Buying a house is only the beginning; one has to pay huge amounts to furnish the dwelling as per their taste and pay taxes regularly. It’s true! No matter how big or small, how equipped or unequipped your house is, you’ve got to pay tax for it. But instead of paying whatever the authorities ask of you, why not calculate your property tax yourself? 

Come on, it’s not that difficult! You just have to follow the methods given below. 

First, a gist about property taxes

Property taxes are calculated using the value of the property. That being said, owning empty land also doesn’t exempt you from paying taxes. Both land and the property built on it are taken into consideration while calculating taxes. Generally, tax assessors value a property between one to five years and then ask the owner to pay the amount due. They usually do so with the “Mill Levy Method” and the assessed property value. 

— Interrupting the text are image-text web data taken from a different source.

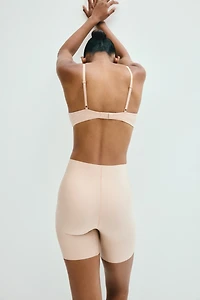 Microfiber Push-Up Bra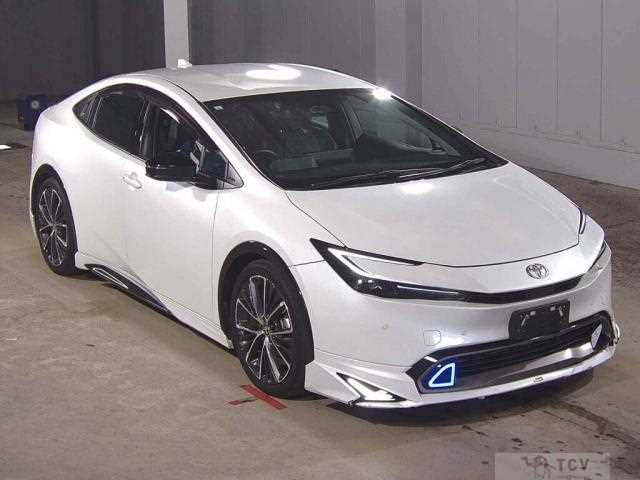 2023 Toyota Prius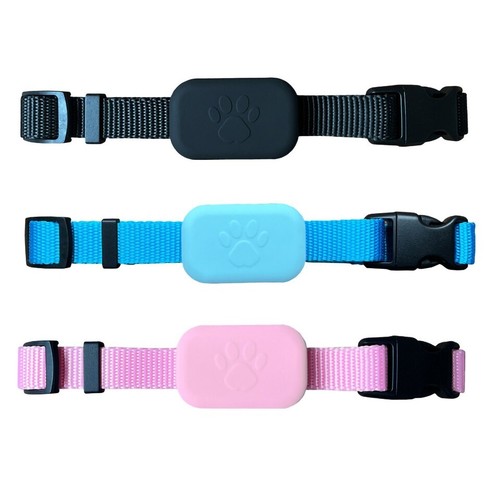 Pet gps tracker collar - tracker,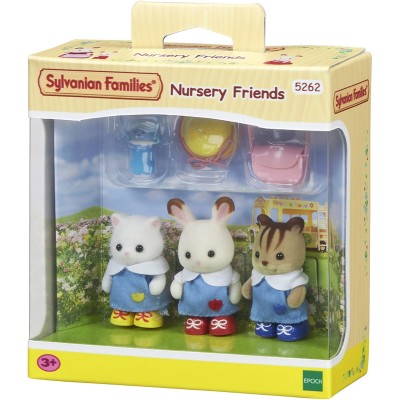 Sylvanian Families Bright Star Toys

This brings us to the next pertinent question.

What’s the Mill Levy method?

In the mill levy method, the tax rate imposed on your estate is used to ascertain the property tax, where one mill equals one-tenth of a cent. For instance, if your assessed property value stands at $1000, then one mill would equal $1.

Similarly, taxes imposed for each tax jurisdiction are calculated one at a time. Once the entire area’s taxes are ascertained, they’re added together to find the mill rate of the complete region.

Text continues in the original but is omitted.